2.箔がつくと勘違いしている 自分が無知であるほど、知っている僅かな知識をひけらかしたくなるものです。わかりにくく伝えることはカッコよくありません。相手に知識がないことを突きつけて誰が得するのでしょうか。繰り返しますが、申請書はつたえてナンボの世界です。伝わらない言葉を書いたところで意味はありません。
造語・誤用・カッコ良さそうな専門用語
作文が苦手な人、若い人に多い印象です。アインシュタインの十字架、アリアドネの糸 など中学生が喜びそうな専門用語を連呼するのも、読む側としては苦々しいものです。

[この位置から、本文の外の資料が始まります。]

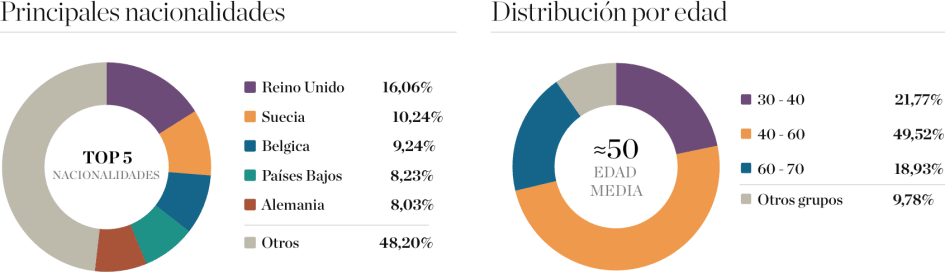 Compradores de propiedades en Benahavís - Principales nacionalidades y distribución por edad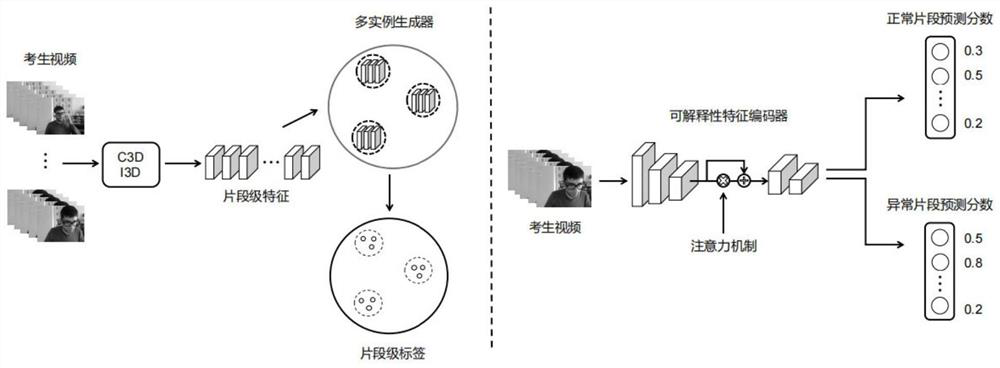 Online examination cheating identification method based on multi-instance learning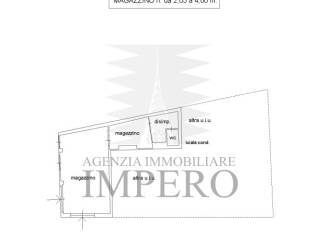 Planimetria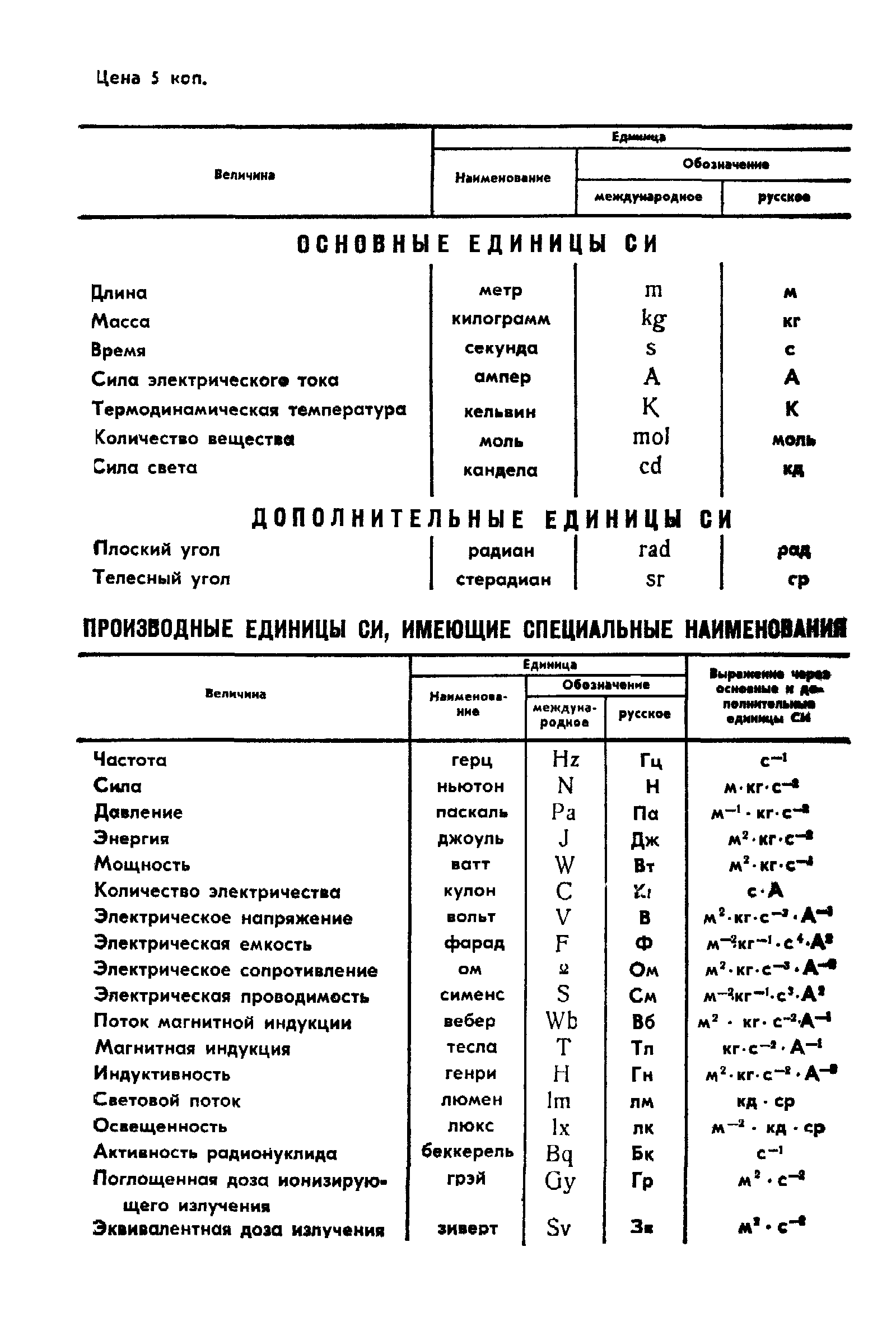 ГОСТ 2379-77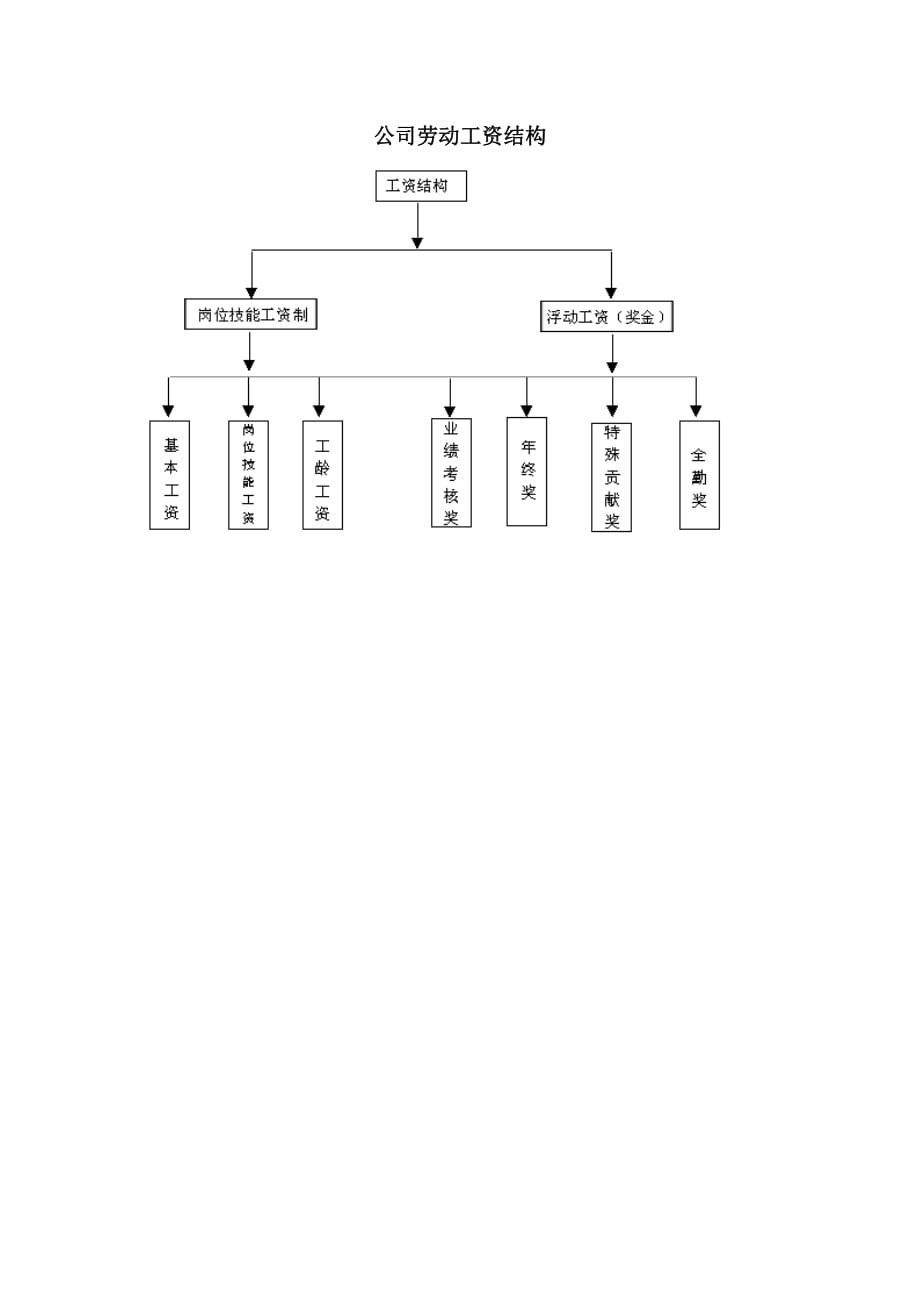 《精编》企业动工资结构_第1页
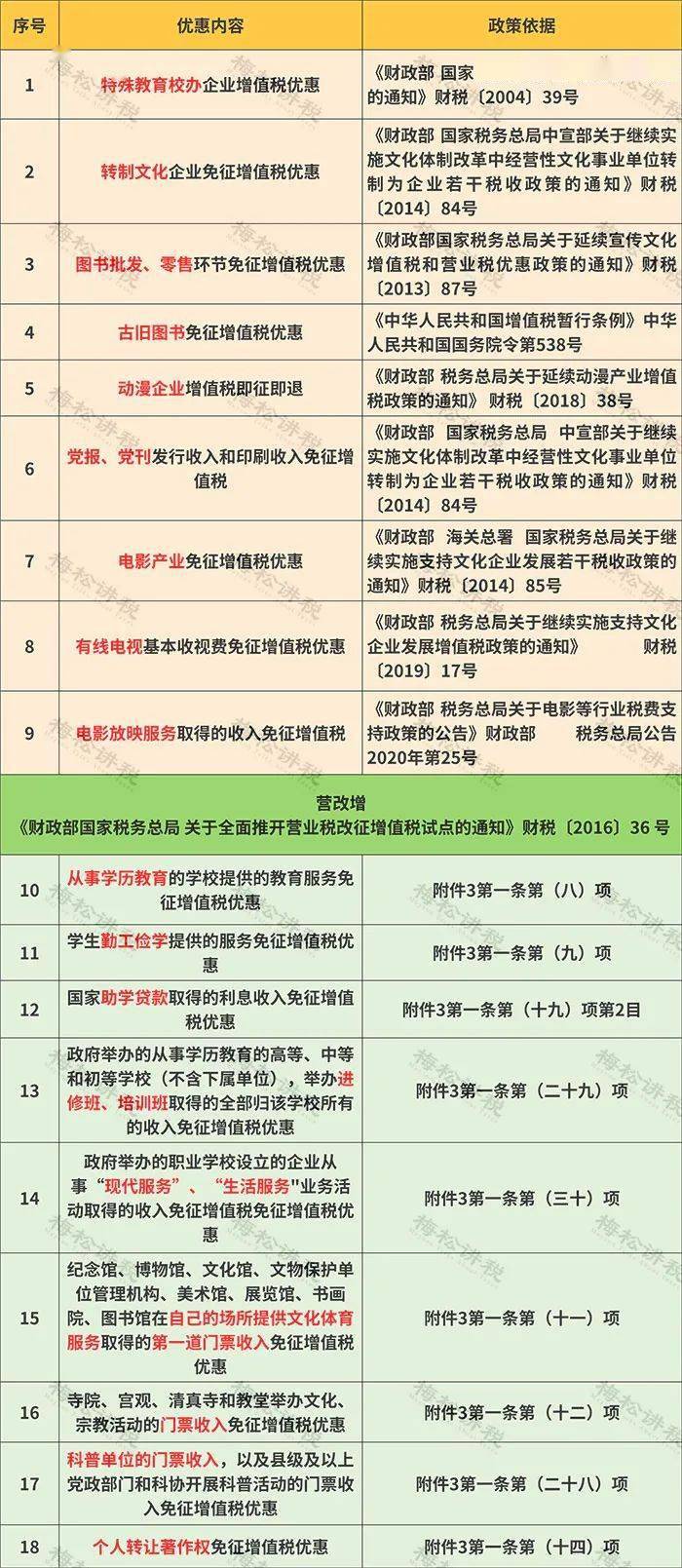 2023年米面油最新税率解读，影响与应对策略全解析，2023年米面油税率新规解读，影响及应对策略一览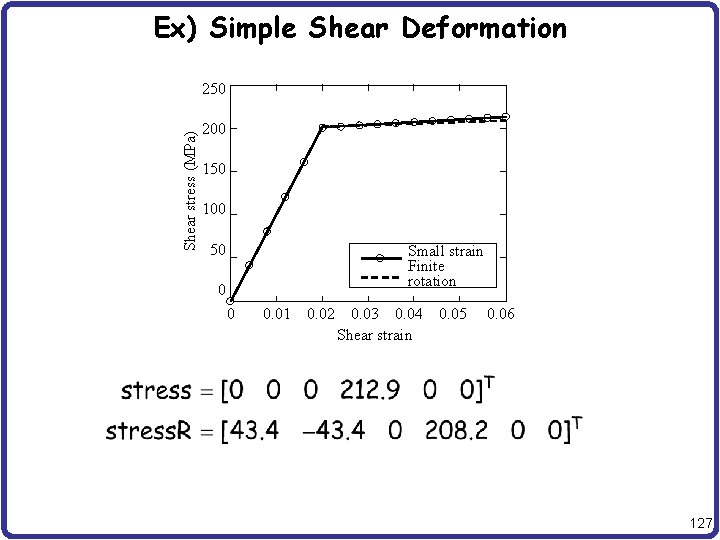 Ex) Simple Shear Deformation Shear stress (MPa) 250 200 150 100 50 Small strain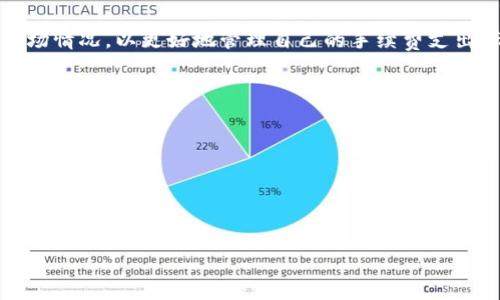 特派钱包手续费的费用因交易类型、金额、钱包的设置等因素而有所不同。以下是一些关键点，帮助您更好地理解特派钱包手续费的相关信息。

特派钱包手续费的基本概念
特派钱包作为一款数字钱包，支持多种类型的交易，包括充值、提现、转账等。每种交易方式都可能涉及不同的手续费。特别是在加密货币领域，手续费不仅与平台政策有关，还受区块链网络拥堵程度的影响。

特派钱包各类交易手续费说明
1. **充值手续费**：一般来说，特派钱包的充值在某些情况下是免费的，尤其是在数字货币转入时，部分平台为了吸引用户可能会免除这部分费用。然而，有些充值方式（如信用卡、电汇）可能会收取一定比例的手续费。

2. **提现手续费**：提现时，特派钱包往往会收取费用，这笔费用通常是固定金额或者按提现金额的百分比计算。用户在进行提现时需要提前确认相关手续费，以避免不必要的经济损失。

3. **转账手续费**：同样，特派钱包在用户进行内部转账或外部转账时，也可能会收取手续费。这部分费用通常与转账的金额、距离以及相关的网络费用有关。在某些情况下，用户可以选择手续费的高低，以此来决定转账的速度。

4. **服务费**：除了以上几种常见的手续费外，特派钱包还可能会为了提供更好的用户体验和服务而收取一定的服务费。此类费用的具体标准往往在用户注册时有所说明。

如何降低特派钱包手续费支付？
为了降低特派钱包的手续费，用户可以尝试以下几种方法：
1. **选择合适的充值方式**：仔细对比不同的充值方式所需的手续费，选择最低费用的方式进行充值。

2. **提现金额**：有些钱包在大额提现时可能有更优惠的费率，用户可以考虑一次性提现较大金额，以减少手续费支出。

3. **选择合适的转账时机**：在网络不拥堵时进行转账，可能会有较低的交易费用，用户可以参考相关网络拥堵情况进行决策。

4. **多留意活动**：特派钱包可能会不定期推出各类优惠活动，共享活动信息，参与相应活动可以大幅度降低手续费。

总结
总之，特派钱包的手续费是一个动态变化的部分，用户在使用过程中应主动了解相关政策和市场情况，以更好地管理自己的手续费支出。清楚了解手续费的结构和降低费用的方法将有助于用户在数字资产管理中获得更多的利益。

### 相关问题

1. **特派钱包是否安全？**
2. **如何使用特派钱包进行投资？**
3. **特派钱包的用户体验如何？**
4. **如何快速充值特派钱包？**

我将为您详细解析这四个问题。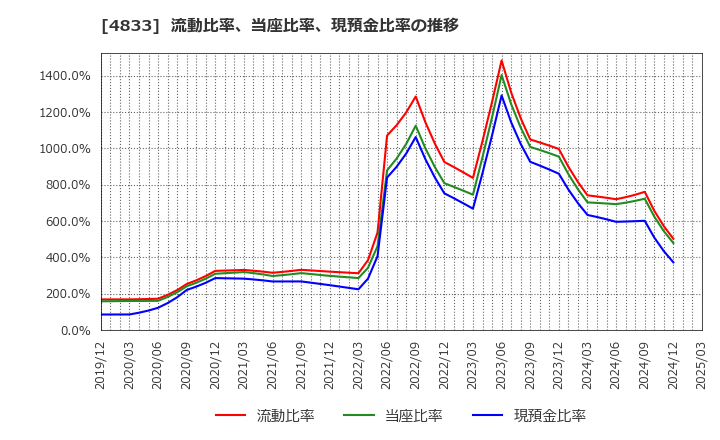 4833 (株)Ｄｅｆ　ｃｏｎｓｕｌｔｉｎｇ: 流動比率、当座比率、現預金比率の推移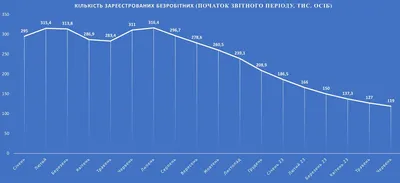 Безработица незначительно снизилась; беженцы понемногу трудоустраиваются /  Статья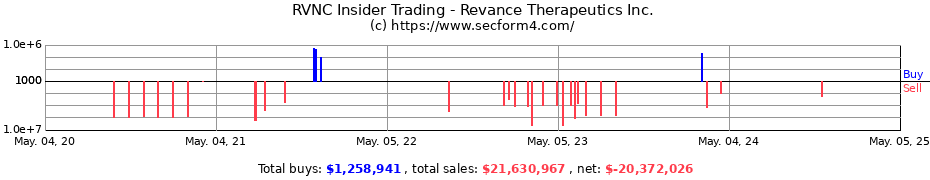 Insider Trading Transactions for Revance Therapeutics Inc.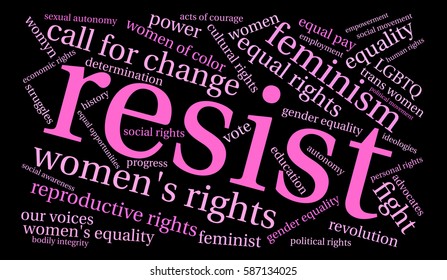 Resist word cloud on a black background.  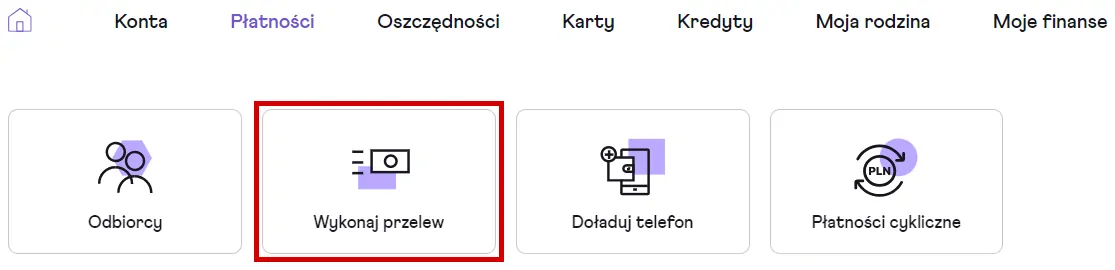 Widok panelu bankowości internetowej z zaznaczoną opcją „Wykonaj przelew” w zakładce „Płatności”.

もちろん、研究内容そのものであるなら良いですが、カッコ良さそう≒すごそうという程度なら、伝わりにくい言葉を選択する必要はありません。また、この延長として、本来とは異なる意味で専門用語を用いる誤用や、全くの造語などもあります。いずれも、伝わらない、誤解されるなど良いことは何もありません。
対応する日本語があるのに英語、カタカナ語を使わない
アレル → 対立遺伝子(訳語がおかしいというのは置いておいて)
インタラクティブ → 双方向
エクトッピクな発現 → 異所的な発現
などキリがないので止めますが、やたらカタカナ語が並んだ申請書を読むと、「お前はルー大柴か」(もう若い人は知らないでしょうが)と心なかでツッコミたくなります。
全てのカタカナ語を使うなと言っているわけではありませんが、普段の会話と申請書は異なりますので、普段からカタカナ多めの人は意識する必要があります。